If $f$ is continous at $c$, prove $\lim_{h \to 0} (\inf \,\{f(x)\mid c \leqslant x \leqslant c+h\})=f(c)$

Question

Let $f$ be continous at $c$. Prove $$\lim_{h \to 0} \left(\inf \,\{f(x)\mid c \leqslant x \leqslant c+h\}\right)=f(c)$$

This fact is used in Spivak's book to prove 1nd Fundamental Calculus Theorem.

Answer 1

$\bigg|\lim_h \ \inf\ \bigg\{f(x)\bigg|c\leq x\leq c+h\bigg\} - f(c)\bigg|=\varepsilon >0 $

So there is $\delta$ s.t. for $|c-x|\leq \delta$, we have $|f(c)- f(x)|\leq \varepsilon/2$, by continuity.

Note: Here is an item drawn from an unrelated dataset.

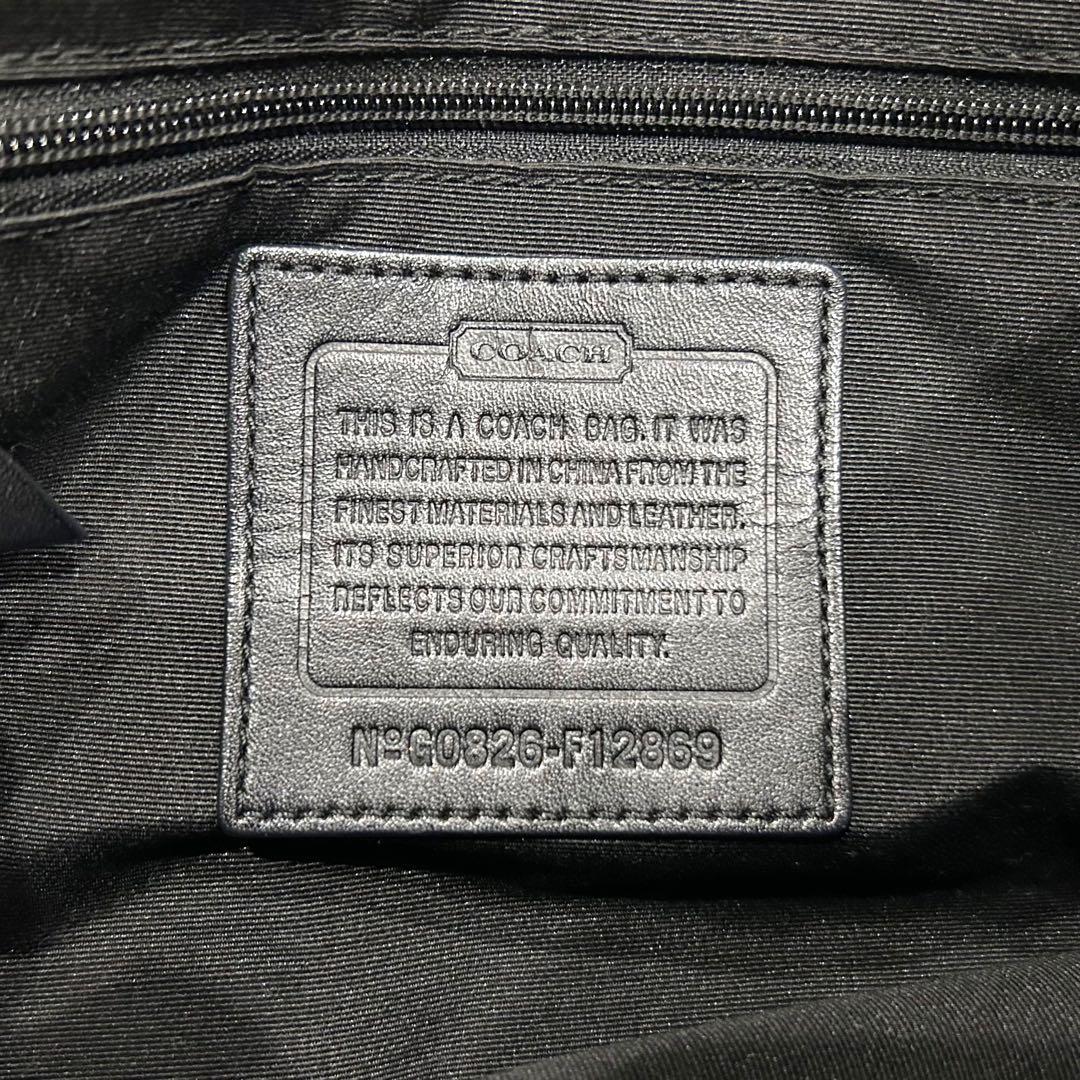 バッグ Coach Signature Legacy 65th Shoulder Bag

When $h<\delta$ and $c\leq x\leq c+h$, then $$f(c)-\varepsilon/2\leq f(x) \leq f(c)+\varepsilon/2 $$

Answer 2

Let $\epsilon>0$. By continuity at $c$, there exists $\delta>0$ such that $|f(x)-f(c)|<\epsilon$ for all $x$ with $|x-c|<\delta$. In particular, for any $h$ with $0<h<\delta$, we have $$f(c)-\epsilon<f(x)<f(c)+\epsilon$$ for all $x$ with $c\le x\le c+h$, hence $f(c)\ge \inf\{\,f(x)\mid c\le x\le c+h\,\}\ge f(c)-\epsilon$ for such $h$. Conclude.

Answer 3

Hopefully adding a bit of detail:

Hagen von Eizen:

$\epsilon \gt 0$ given.

For $0 < h < \delta$

$f(c)-\epsilon <f(x) < f(c)+\epsilon$,

for $x$ with $c \le x \le c+h$:

$f(c) \ge \inf$ { $f(x)| c \le x \le c+h$ } $\ge f(c)-\epsilon$ .

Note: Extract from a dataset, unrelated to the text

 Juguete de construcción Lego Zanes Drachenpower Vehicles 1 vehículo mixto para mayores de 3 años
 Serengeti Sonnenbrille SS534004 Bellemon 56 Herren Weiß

Consider sequences $\epsilon_n \rightarrow 0^+$, and $h_m \rightarrow 0^+$.

Continuity of $f$ at $c$:

For $\epsilon_n $ there is a $\delta_n >0$.

Let $h_{m_n}$ be a subsequence s.t. $0 < h_{m_n} \lt \delta_n.$

We now have:

$f(c) \ge \inf$ { $f(x)| c \le x \le c+h_{m_n}$ } $\ge f(c)-\epsilon_n$.

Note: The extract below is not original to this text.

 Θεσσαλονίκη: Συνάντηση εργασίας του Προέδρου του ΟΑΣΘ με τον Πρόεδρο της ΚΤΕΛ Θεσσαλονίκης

Take the limit $n \rightarrow \infty$.

Answer 4

You should note that the limit in question is based on $h\to 0^+$. Let $\epsilon >0$ be given and then there is a $\delta>0$ such that $$f(c) - \epsilon<f(x) <f(c) +\epsilon$$ whenever $c\leq x<c+\delta$. Now the function $g$ defined by $$g(h) =\inf\, \{f(x) \mid x\in[c, c+h] \} $$ is non-increasing in $(0,\delta)$ and is clearly bounded above by $f(c)$. It follows that the limit in question $\lim_{h\to 0^+}g(h)$ exists and lies in $[f(c) - \epsilon, f(c)] $. Since $\epsilon$ is arbitrary it follows that the limit is $f(c) $.